But for more details, we went straight to Jim Blandy, cofounder of Cyclic Software and Guile's current maintainer.

What is it?
Guile (GNU's Ubiquitous Intelligent Language for Extension) is a library that can make any application or utility extensible. That is, Guile implements Scheme (a dialect of LISP) as a scripting language. What this all means is that if your text processor, image manipulator, or aerodynamic modeler lets you control its operation in a LISPish way, it's probably because it has a copy of Guile inside.

Or as Blandy described it, Guile is "an off-the-shelf component that people can use to write extensible programs -- applications that users can customize or use as a foundation for their own applications."

It seems every language promotes its ability to manage other applications -- so what makes Guile different? First, although the standard release also generates a standalone interpreter (like the Perl, Tcl or Python script processors), Guile has stayed true to its "embeddable" roots. It's tuned to provide extensibility to other applications, much like Tcl did initially.

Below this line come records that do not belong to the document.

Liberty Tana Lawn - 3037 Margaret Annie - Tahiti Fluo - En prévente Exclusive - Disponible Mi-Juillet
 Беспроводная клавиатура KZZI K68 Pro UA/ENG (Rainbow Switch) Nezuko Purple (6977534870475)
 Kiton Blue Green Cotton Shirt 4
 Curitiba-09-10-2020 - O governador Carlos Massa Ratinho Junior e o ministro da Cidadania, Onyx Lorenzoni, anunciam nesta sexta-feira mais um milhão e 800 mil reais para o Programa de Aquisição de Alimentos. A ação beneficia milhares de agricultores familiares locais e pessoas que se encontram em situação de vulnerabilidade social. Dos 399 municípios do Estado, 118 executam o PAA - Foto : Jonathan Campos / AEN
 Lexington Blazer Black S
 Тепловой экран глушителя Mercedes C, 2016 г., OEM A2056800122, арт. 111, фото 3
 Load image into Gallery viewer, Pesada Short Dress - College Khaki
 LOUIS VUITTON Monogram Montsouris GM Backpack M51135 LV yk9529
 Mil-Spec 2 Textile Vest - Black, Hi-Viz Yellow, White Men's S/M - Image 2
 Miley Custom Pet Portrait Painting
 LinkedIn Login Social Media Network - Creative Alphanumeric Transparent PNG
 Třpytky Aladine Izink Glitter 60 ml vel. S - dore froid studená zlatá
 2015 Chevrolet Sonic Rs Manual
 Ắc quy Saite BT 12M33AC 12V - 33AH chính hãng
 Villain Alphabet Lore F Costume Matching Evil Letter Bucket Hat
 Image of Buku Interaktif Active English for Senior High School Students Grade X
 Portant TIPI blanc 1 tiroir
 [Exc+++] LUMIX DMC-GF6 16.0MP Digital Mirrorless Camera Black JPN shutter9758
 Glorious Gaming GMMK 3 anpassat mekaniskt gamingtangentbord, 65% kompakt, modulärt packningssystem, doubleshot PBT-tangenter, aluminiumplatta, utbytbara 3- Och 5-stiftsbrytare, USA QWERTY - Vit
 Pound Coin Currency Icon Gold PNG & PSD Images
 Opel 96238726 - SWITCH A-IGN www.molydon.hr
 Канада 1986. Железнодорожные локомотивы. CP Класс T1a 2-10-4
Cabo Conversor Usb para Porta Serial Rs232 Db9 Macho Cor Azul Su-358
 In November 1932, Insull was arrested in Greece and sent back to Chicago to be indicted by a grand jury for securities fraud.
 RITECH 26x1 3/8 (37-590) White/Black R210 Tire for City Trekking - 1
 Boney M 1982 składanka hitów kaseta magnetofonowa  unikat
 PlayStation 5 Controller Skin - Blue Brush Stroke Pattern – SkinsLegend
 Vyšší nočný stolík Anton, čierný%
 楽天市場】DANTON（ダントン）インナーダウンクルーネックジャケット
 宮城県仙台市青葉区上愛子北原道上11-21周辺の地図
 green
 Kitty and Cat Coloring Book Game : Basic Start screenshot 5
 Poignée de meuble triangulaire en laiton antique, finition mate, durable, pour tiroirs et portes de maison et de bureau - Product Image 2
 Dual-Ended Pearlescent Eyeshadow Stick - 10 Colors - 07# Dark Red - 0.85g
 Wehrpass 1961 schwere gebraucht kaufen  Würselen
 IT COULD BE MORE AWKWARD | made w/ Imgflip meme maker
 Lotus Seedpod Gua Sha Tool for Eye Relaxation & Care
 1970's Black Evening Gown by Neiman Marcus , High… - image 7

So as Blandy saw it, "Tcl 8.0 gave up Tcl's great strength -- the simplicity of the C/Tcl interface -- so that now, the complexity of the high-performance C interfaces of the two systems seems about the same to me."

Moreover, Guile incorporates several technical features Blandy cited as advantages.

"Perl and Tcl began life simple and elegant -- much more so than Guile," he said. "But in the long run, they're acquiring all the complexity that Guile has, except with implementations crippled by the needs of backward compatibility.

"Both Tcl and Perl use reference counting to decide when they can free something," he cited as an example. "Reference counting is a crummy garbage collection method: it's a pain to keep the references accurate; it doesn't handle cycles; it's slow; and it's not actually any simpler than the real thing.

"Real garbage collection is nice because it allows you to use simpler data structures. It's not just that strings are slow -- Tcl has acquired a ton of new complexity to fix that -- it's that the semantics are wrong. You can't put a pointer to something in a Tcl list; you have to name the thing, and put the name in the list."

Blandy is enthusiastic about coding with Scheme's procedures.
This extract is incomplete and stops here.